Emine Erdoğan ise, 'Ata Tohumu Projesi'nin 2017 yılında başladığını, bu kapsamda yerel tohum buluşmaları gerçekleştirdiklerini söyleyerek, projeye destek veren çiftçilere teşekkür etti.  Çiftçilere, "Biz bugün sizlerle birlikte toprağımıza milli bağımsızlığı ve geleceği ekiyoruz" diye seslenen Erdoğan, şunları söyledi: "Günümüzde yaklaşık 800 milyon insan yetersiz besleniyor.

Buna karşılık 2 milyar insan ise, fazla kilolu ya da obeziteyle mücadele ediyor. Bildiğiniz gibi obezitenin bir sebebi de sürekli olarak besin değeri açısından düşük yiyeceklere maruz kalmaktır. Yani kimyasallarla doldurulan, genetiği ile oynanan yiyecekler bir yandan hasta nesiller yetiştiriyor. Bildiğiniz gibi yüksek tansiyondan kansere kadar birçok hastalığın çıkış noktası beslenme alışkanlıklarımızdır. Dolayısıyla ata tohumlarımızla yapacağımız yerli üretimin, sofralarımızdaki tehlikeyi de bertaraf edeceğine inanıyorum."

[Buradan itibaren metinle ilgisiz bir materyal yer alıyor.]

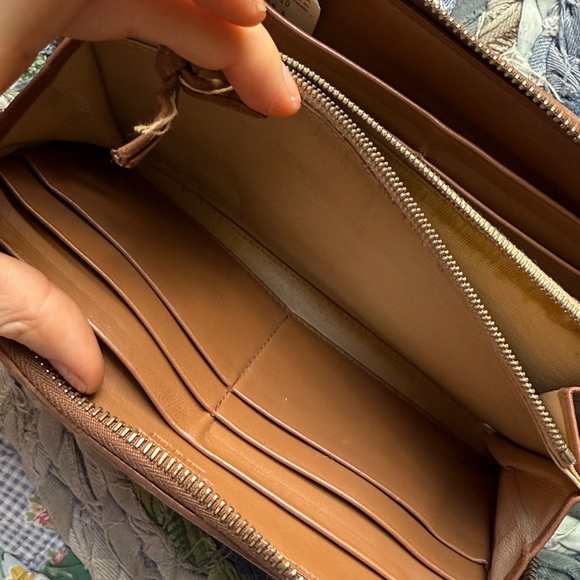 Bottega Veneta Brown Woven Leather Wallet Intrecciato - Picture 15 of 16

‘ÜLKE POTANSİYELİNDE DÜNYANIN EN ÖNDE GELEN TOHUM ÜRETİCİSİ OLMAK VAR'

Dünya nüfusunun 2050'de 9,7 milyara ulaşmasının beklendiğini aktaran Erdoğan, gelecekte kendi tarımını yapamayan ülkelerin dünyanın açlık noktaları olmaya mahkum kalacağını ifade etti. Erdoğan, "Savaşlar, iklim krizi, kıtlık ve doğal afetler gibi dünyanın yaşadığı buhranlar karşısında varlıklarını en iyi koruyabilen ülkeler, tarımda bağımsızlığa kavuşmuş ülkeler olacak. Yani tohum demek bir anlamda yaşam sigortası demektir.

O yüzden tarımı çok daha geniş anlamıyla düşünmek ve ele almak zorundayız. Ata Tohumu Projesi, tarımı, milli bağımsızlığımızın anahtarı olarak gördüğümüzün de ifadesidir. Ülkemizin potansiyelinde dünyanın en önde gelen tohum üreticisi olmak var. Umudum odur ki, kısa bir zamanda Türkiye'de inşallah yerli üretimden başka bir şey görmeyeceğiz. Bunun için en az ata tohumlarının muhafazası kadar önemli olan bir diğer şey de, bu alanda insan kaynağının devamlılığıdır" diye konuştu.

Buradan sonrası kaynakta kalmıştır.